(TO DO): Copy out the full listing exactly, omitting any picture it contains.

(DATA PROVIDED):
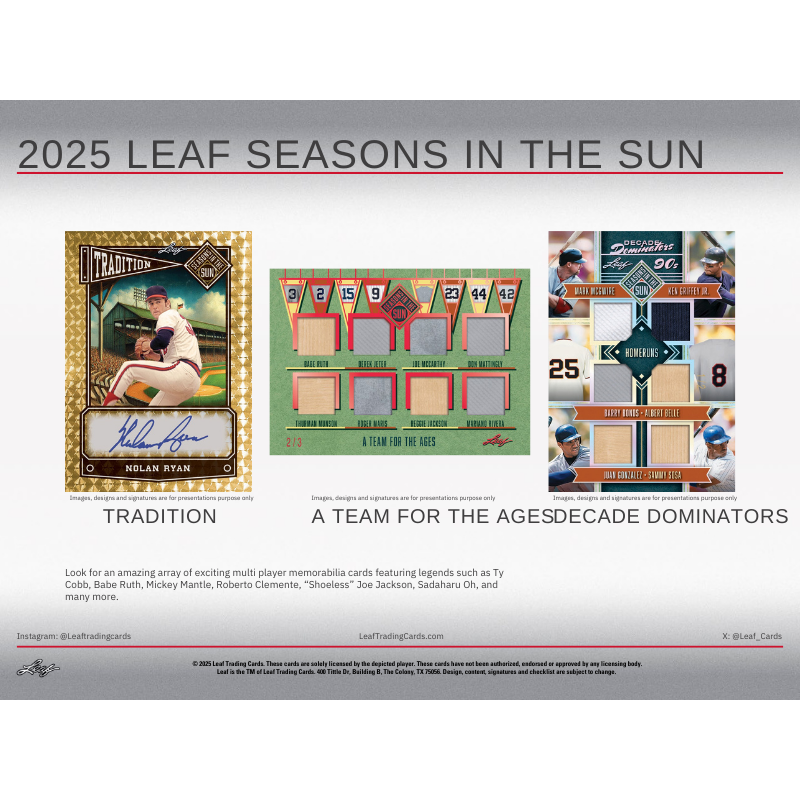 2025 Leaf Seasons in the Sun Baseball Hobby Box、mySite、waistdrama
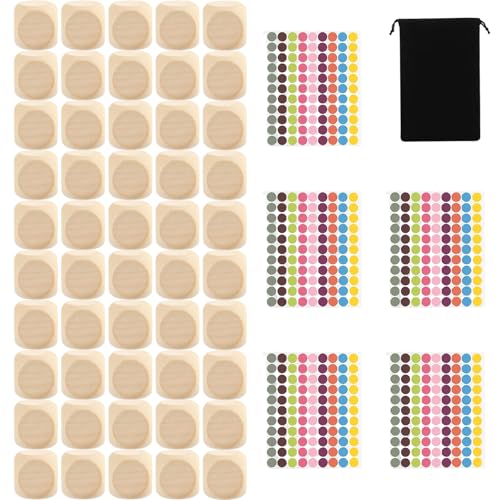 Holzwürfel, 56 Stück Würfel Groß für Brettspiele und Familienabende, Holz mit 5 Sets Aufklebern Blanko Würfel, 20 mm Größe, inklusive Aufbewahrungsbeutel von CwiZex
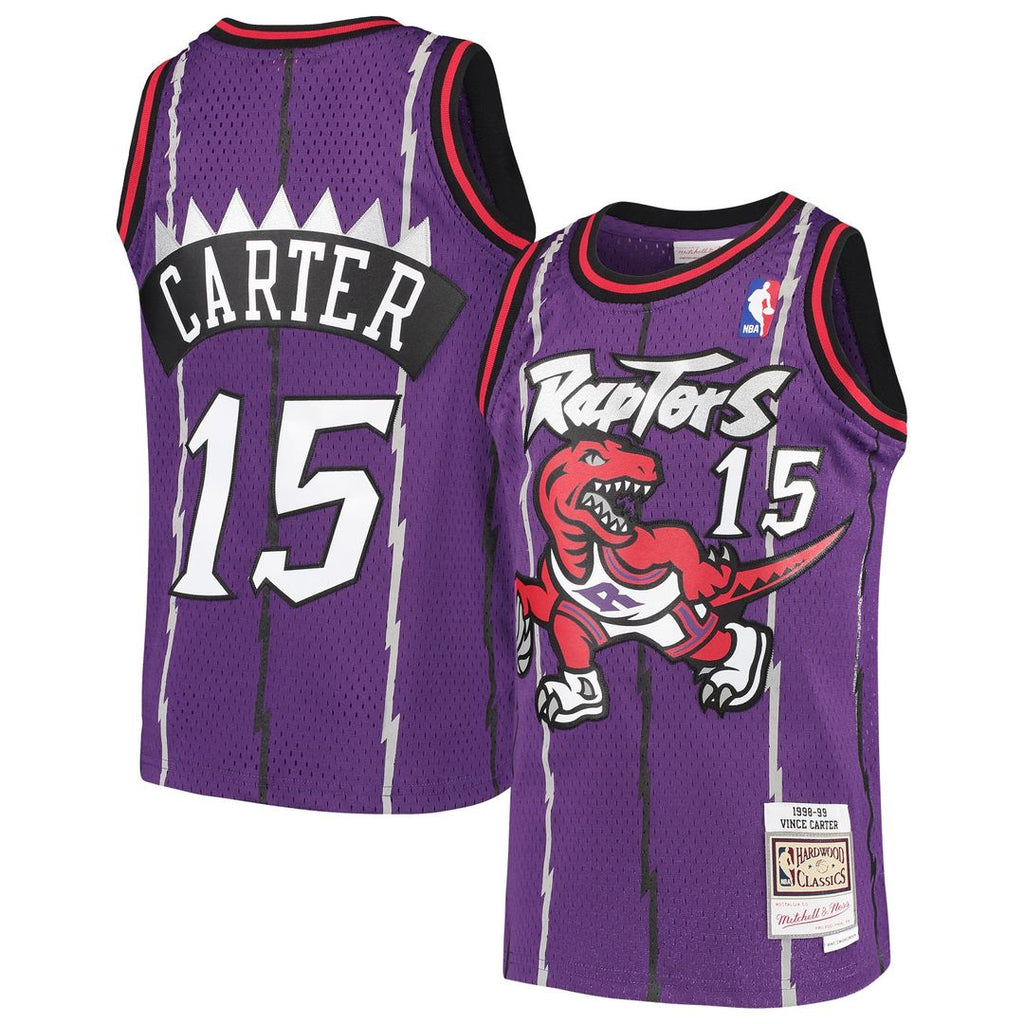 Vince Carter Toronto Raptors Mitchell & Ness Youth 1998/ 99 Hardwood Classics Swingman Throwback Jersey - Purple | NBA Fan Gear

(THE ANSWER):
 2025 Leaf Seasons in the Sun Baseball Hobby Box、mySite、waistdrama
 Holzwürfel, 56 Stück Würfel Groß für Brettspiele und Familienabende, Holz mit 5 Sets Aufklebern Blanko Würfel, 20 mm Größe, inklusive Aufbewahrungsbeutel von CwiZex
 Vince Carter Toronto Raptors Mitchell & Ness Youth 1998/ 99 Hardwood Classics Swingman Throwback Jersey - Purple | NBA Fan Gear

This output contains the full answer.